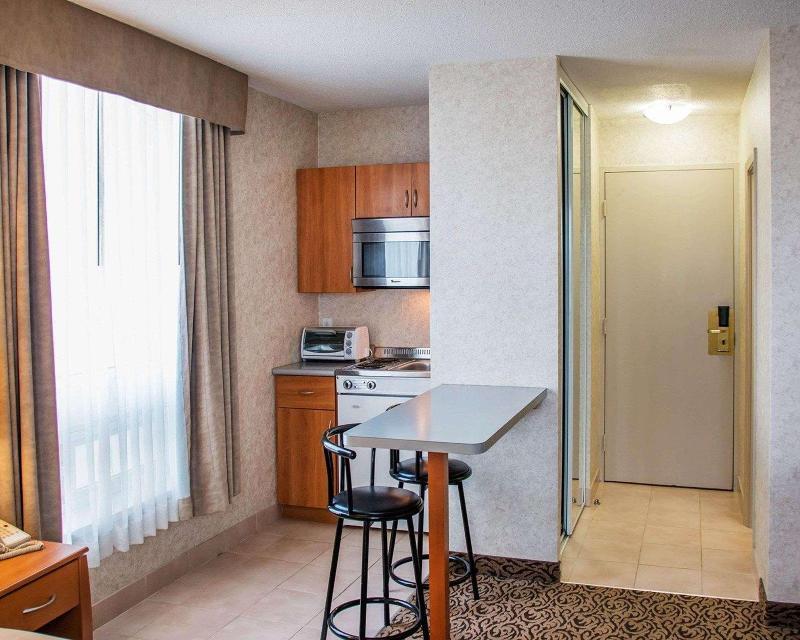 Foto de una habitación de Hotel Quality Inn &amp;amp; Suites Winnipeg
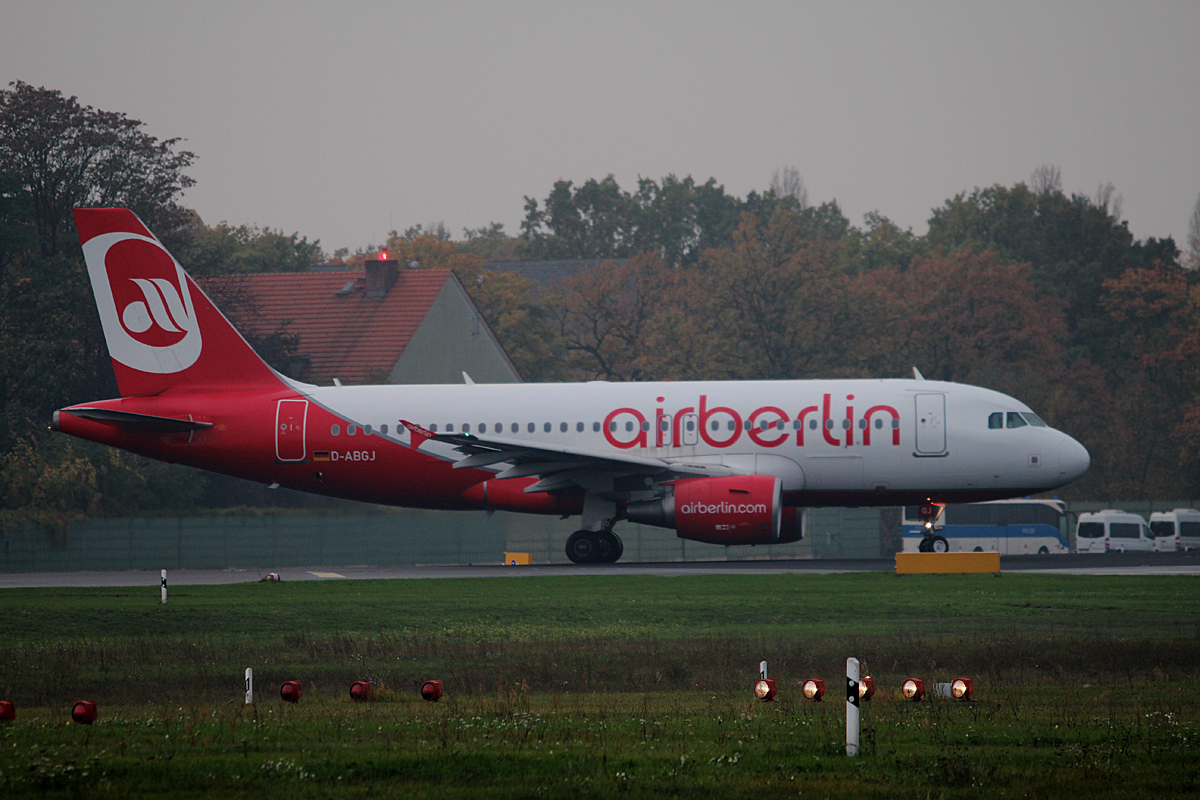 Air Berlin A 319-112 D-ABGJ kurz vor dem Start in Berlin-Tegel am 26.10.2014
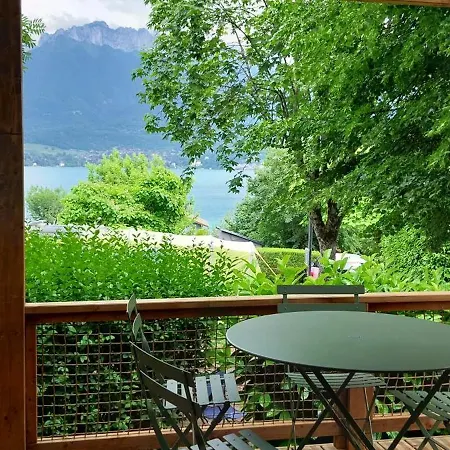 Onlycamp Au Coeur Du - D'annecy キャンプ場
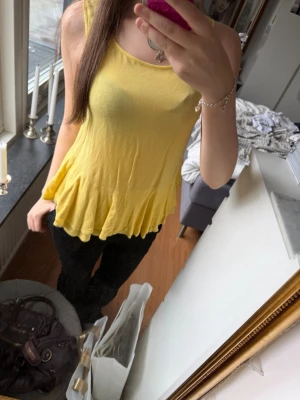 Gul och sommrig topp💛❣️ - Säljer en ljusgul topp från GLASSONS! Jätte fin ljus färg, passar perfekt för en somrig look, luftigt och skönt material, söt och passar till vad som helst💘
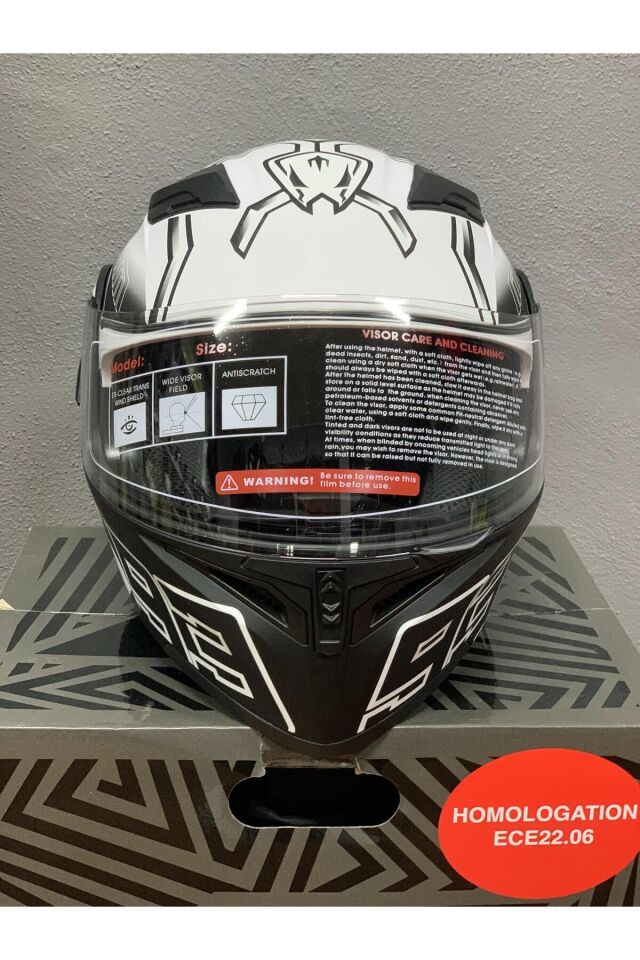 -902 ÇENE AÇILIR GÜNEŞ VİZÖRLÜ KASK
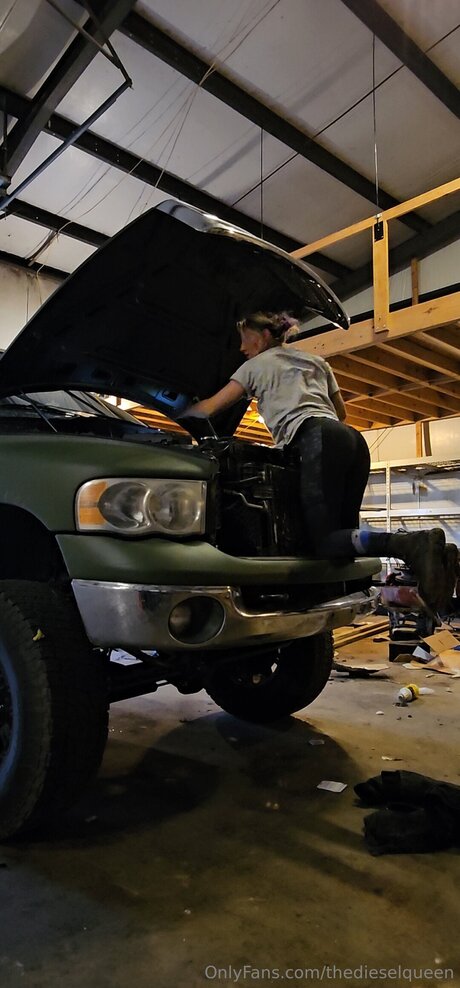 tiny onlyfans exclusive picture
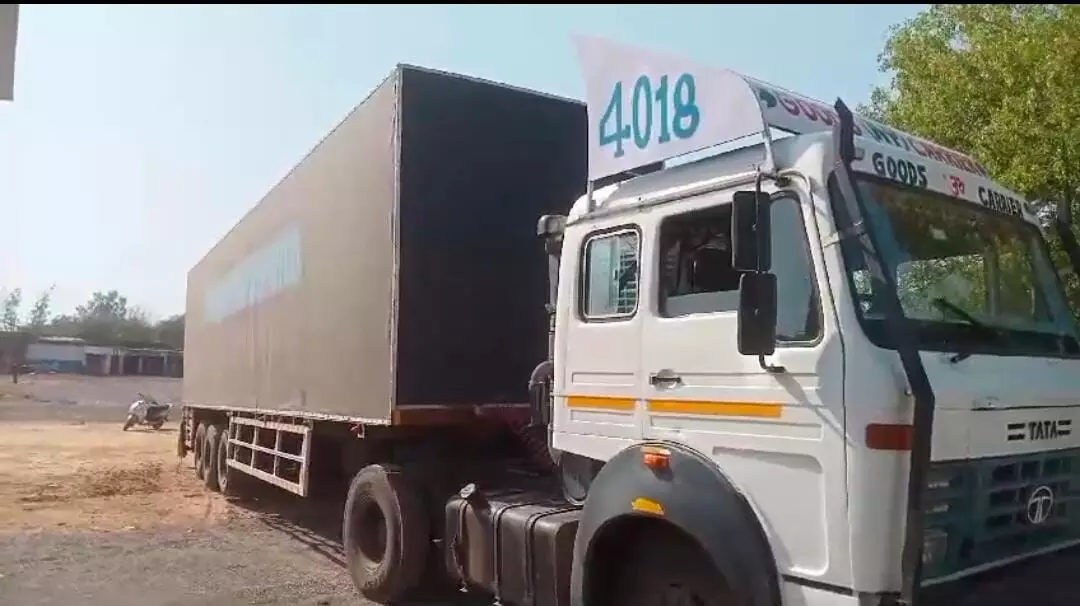 सतना में 80 गौवंश से भरा कंटेनर पुलिस ने पकड़ा, ड्राइवर-क्लीनर भागे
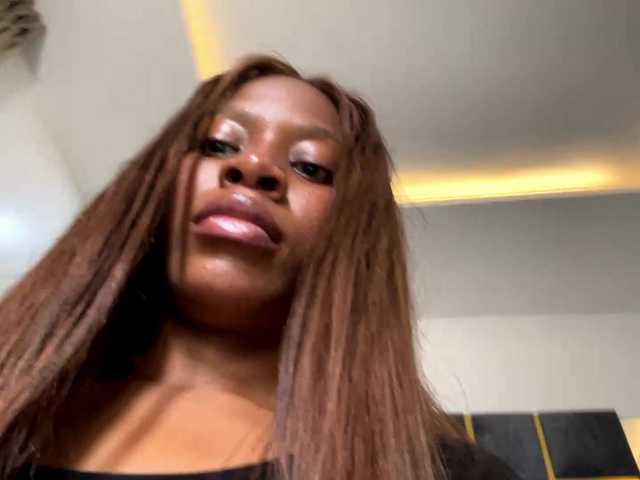LeylaBrooks live cam on BongaCams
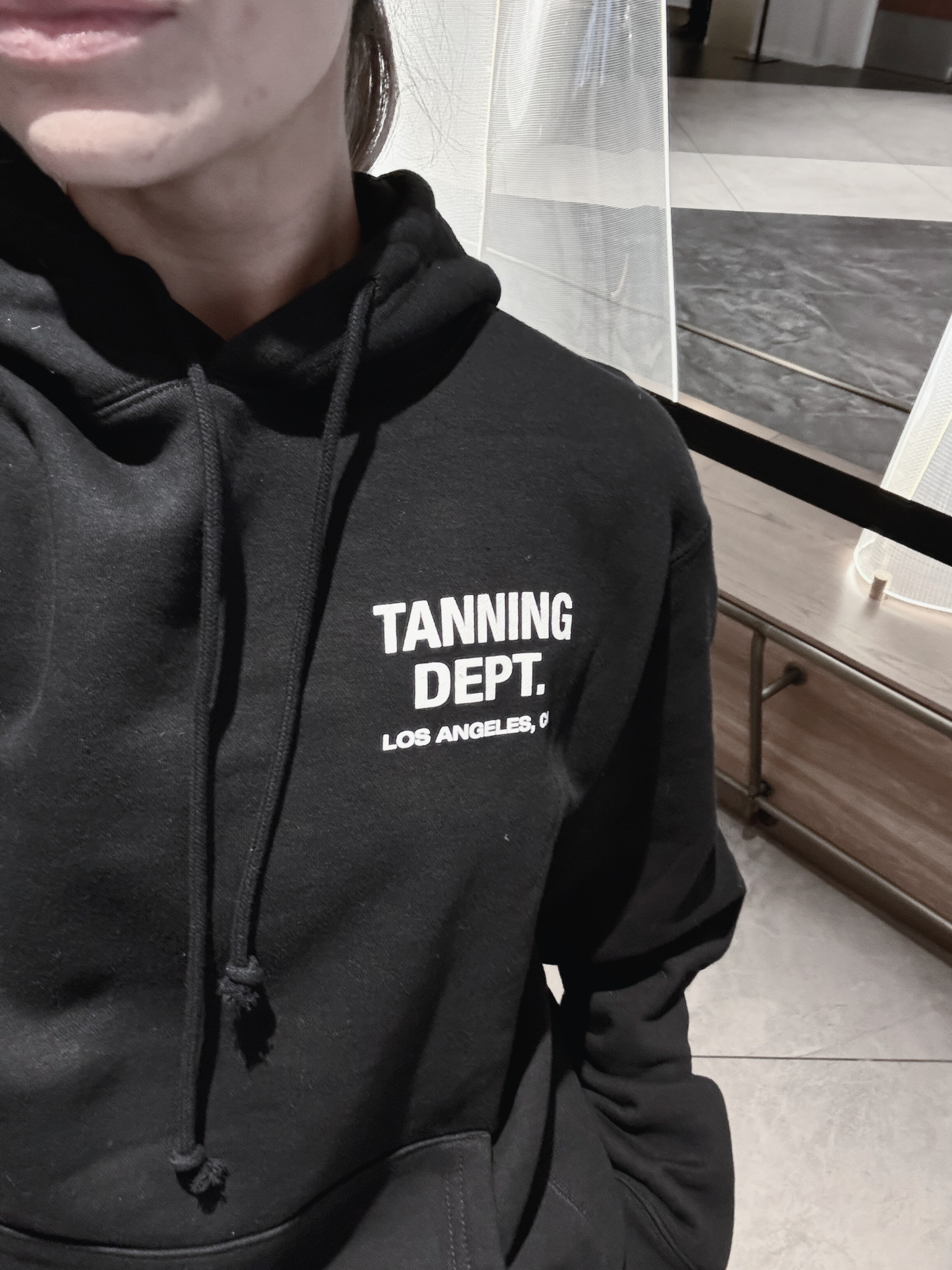 BLACK HOODIE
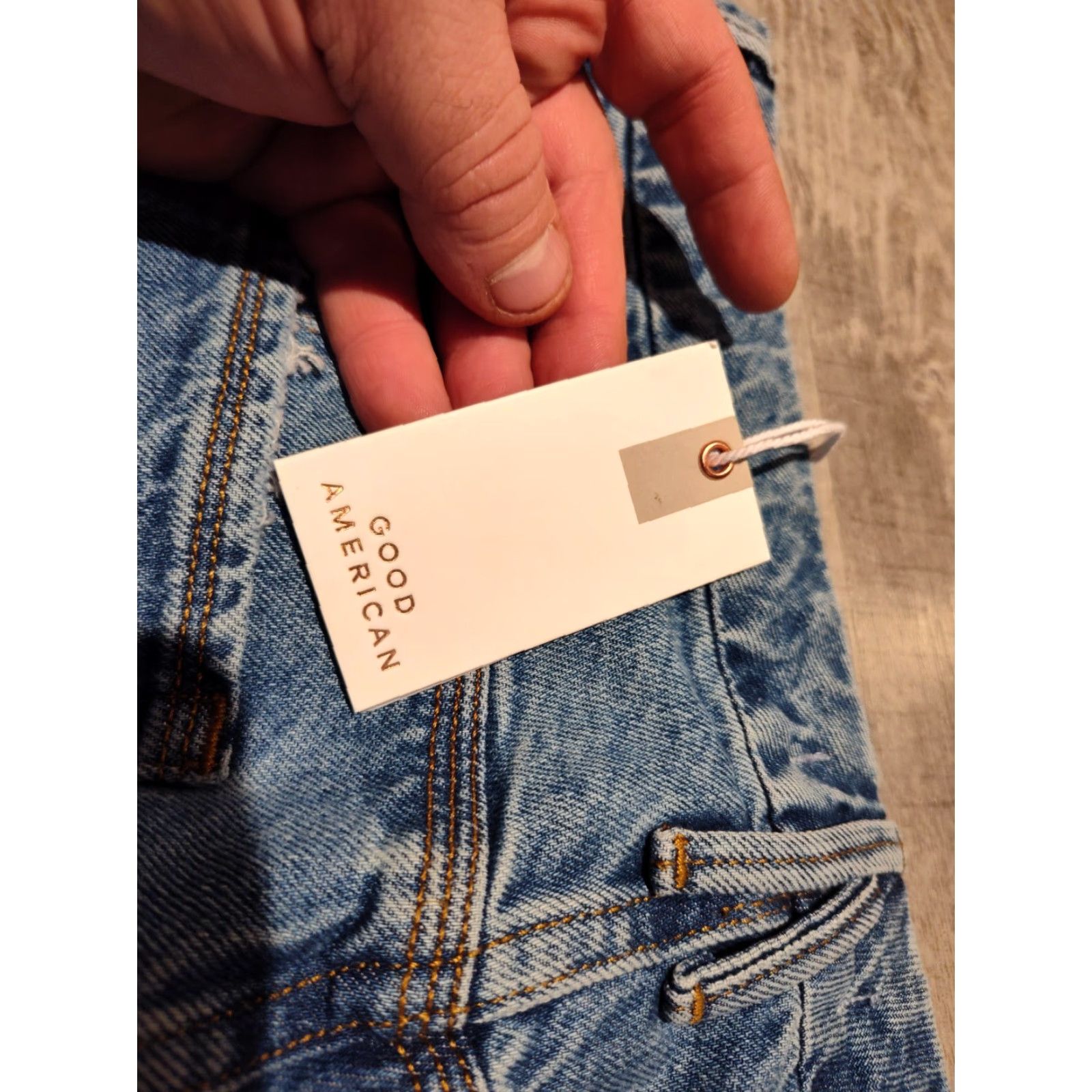 Good American Good American High Rise 90s Split Back Hem Jeans Size 12 Indigo Blue Womens Size 34" / US 12 / IT 48 - 7 Thumbnail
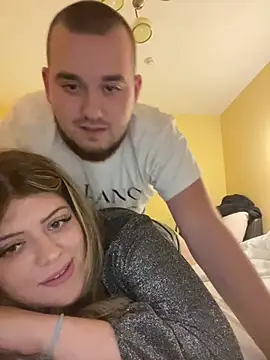 secretdoll00 online show from February 15, 2026, 9:25 pm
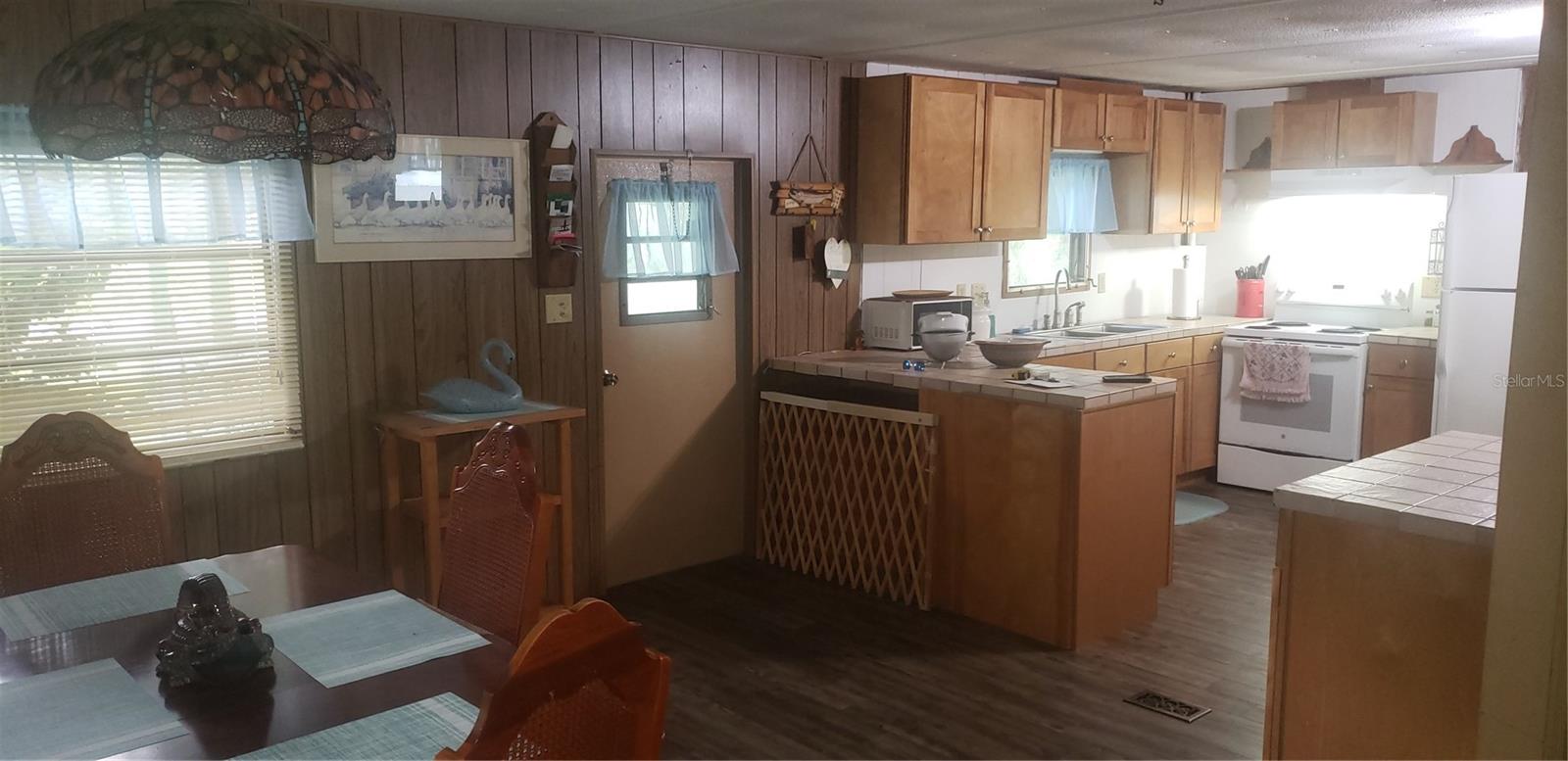 24246 FOX RD, ASTOR, FL, 32102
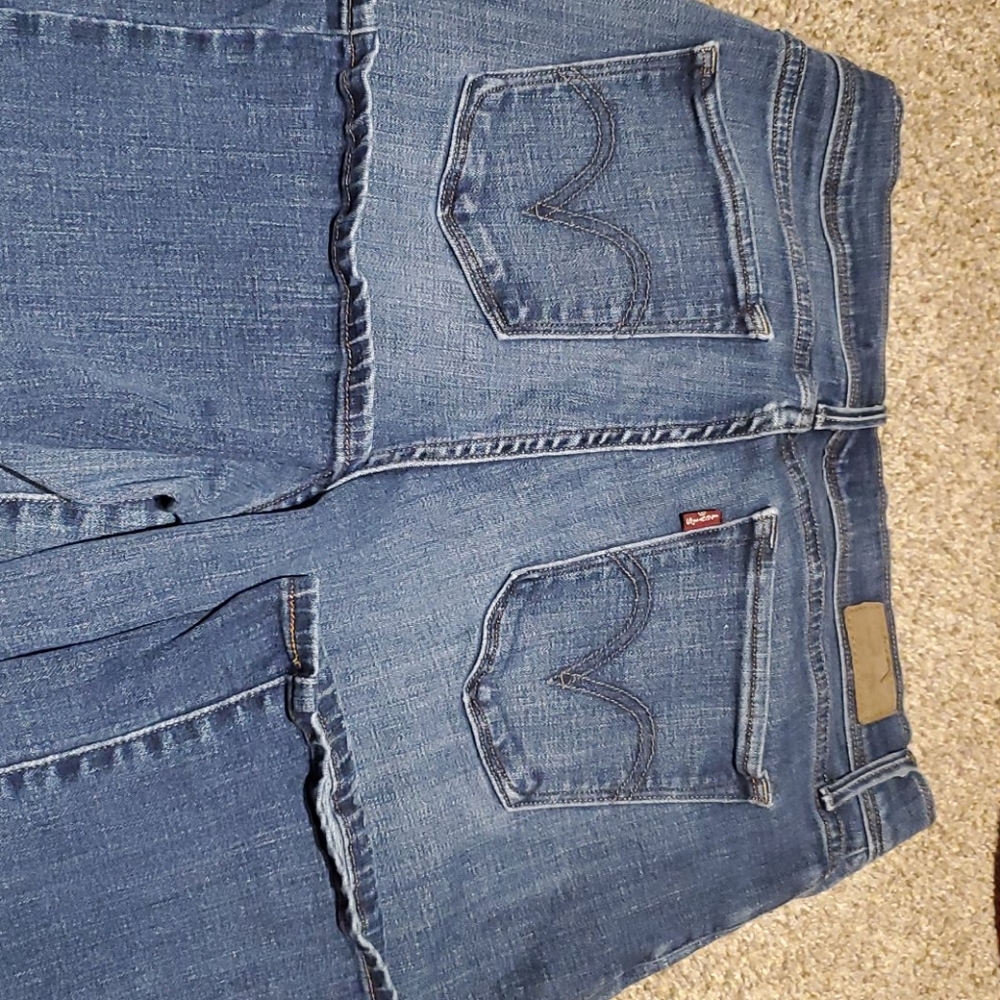 Levis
--------------------------------------------------
■ **BRIEF**
Nothing but the lines from the line with "Good American Good" through the last line of the data above should be printed, exactly as written and without pictures.

■ **RESPONSE FOR THIS EXERCISE**
 Good American Good American High Rise 90s Split Back Hem Jeans Size 12 Indigo Blue Womens Size 34" / US 12 / IT 48 - 7 Thumbnail
 secretdoll00 online show from February 15, 2026, 9:25 pm
 24246 FOX RD, ASTOR, FL, 32102
 Levis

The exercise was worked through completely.